Cuando Mark Lanegan (Ellensburg, Washington, 1964), tras el cierre de Screaming Trees, dio carpetazo a su etapa grunge, buceó en las profundidades del blues y descubrió la belleza inmarcesible de la oscuridad. Sus discos en solitario han transitado por esa senda en la que se cruzan las influencias de Cohen y Scott Walker, las letanías de Nick Cave, el nervio de Alan Vega, las experimentaciones krautrock y el postpunk y el gótico ochenteros. Gargoyle, su nuevo y reciente disco es un gozoso paradigma de la fagocitación de esas influencias, y de ahí que el miércoles confiáramos en que Lanegan ofreciese en su concierto más piezas de ese álbum. Mas ya se sabe que los caminos de Mark son a menudo inescrutables, y no se detuvo mucho en Gargoyle.

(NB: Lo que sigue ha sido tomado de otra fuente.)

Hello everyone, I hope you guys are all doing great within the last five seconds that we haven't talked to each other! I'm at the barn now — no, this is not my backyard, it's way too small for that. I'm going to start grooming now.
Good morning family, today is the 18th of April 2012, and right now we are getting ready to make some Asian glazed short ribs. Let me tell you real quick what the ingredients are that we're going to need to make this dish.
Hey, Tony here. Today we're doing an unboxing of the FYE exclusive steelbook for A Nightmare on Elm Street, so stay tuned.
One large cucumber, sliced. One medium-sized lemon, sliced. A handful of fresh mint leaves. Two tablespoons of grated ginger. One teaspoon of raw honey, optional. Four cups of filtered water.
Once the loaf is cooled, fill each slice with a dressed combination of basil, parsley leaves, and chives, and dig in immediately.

Solo algunas canciones como Death’s Head Tatoo, Nocturne y Beehive salieron de esa gárgola sonora; el grueso del repertorio vino de discos anteriores, del cajón de Screaming Trees (por ejemplo, Black Rose Way) e incluso del cuaderno musical de The Twilight Singers, grupo formado por Greg Duli en 1997 y en el que Lanegan militó (Deepest Shade). Con todo eso Mark confeccionó una actuación generosa en la que no faltó un guiño a Joy Division (Atmosphere), pero con no pocas sombras, y no me refiero a la luz de las canciones.

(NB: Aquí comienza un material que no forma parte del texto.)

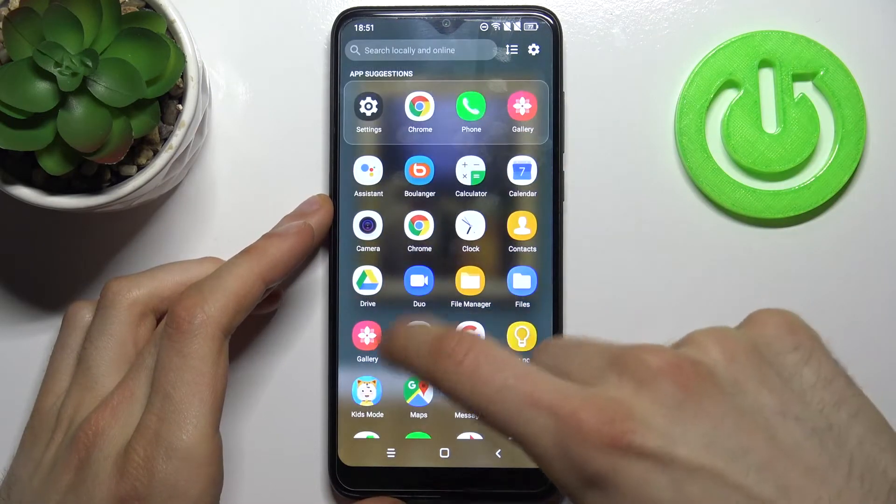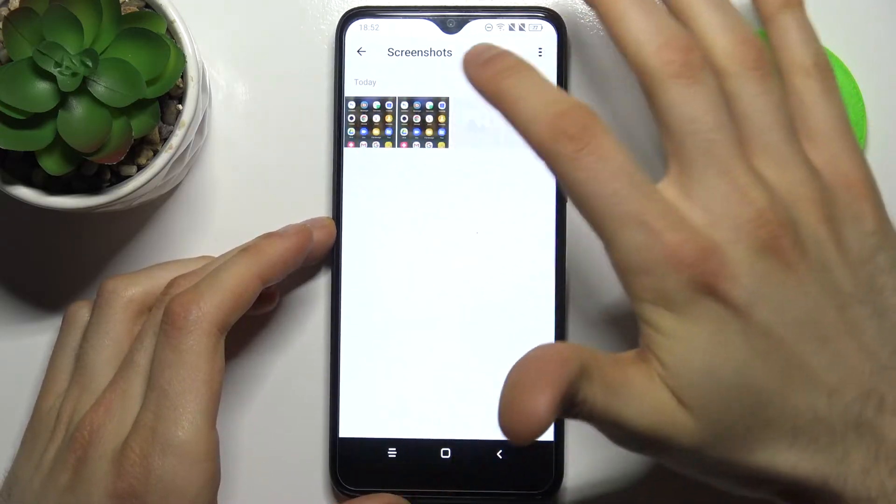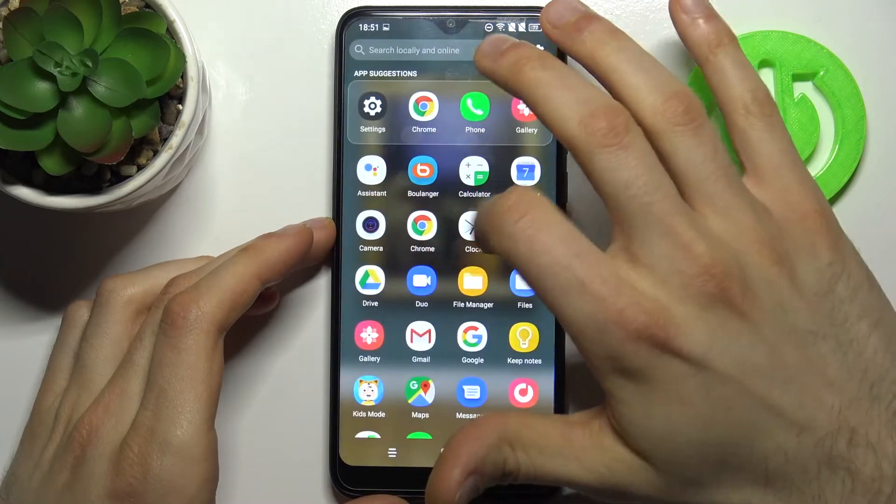You can find your screenshots in the Gallery app, under the Screenshots album — and here they are.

Sombras en la oscuridad. Parece un oxímoron, pero no. Sombras, en el sentido de que junto a unas interpretaciones brillantes y agitadoras (Jeff Fielder, guitarra; Duke Gariwood, guitarra y teclados; Alfo Struyf, guitarra; J. P. De Gheeft, batería, y Fred Lynn, bajo, acompañaron a Lanegan en escena) hubo otras (no pocas) en las que primó la linealidad por encima del detalle y la perturbación. Mark Lanegan tiene facultades para que no se le escapen crudas las canciones, y canciones lo suficientemente atractivas como para que no se aburra cantándolas. El miércoles en Las Armas este singular caballero oscuro se mostró más calmo que peleón; como si le costase moverse por la materia de sueños del agujero negro de su música.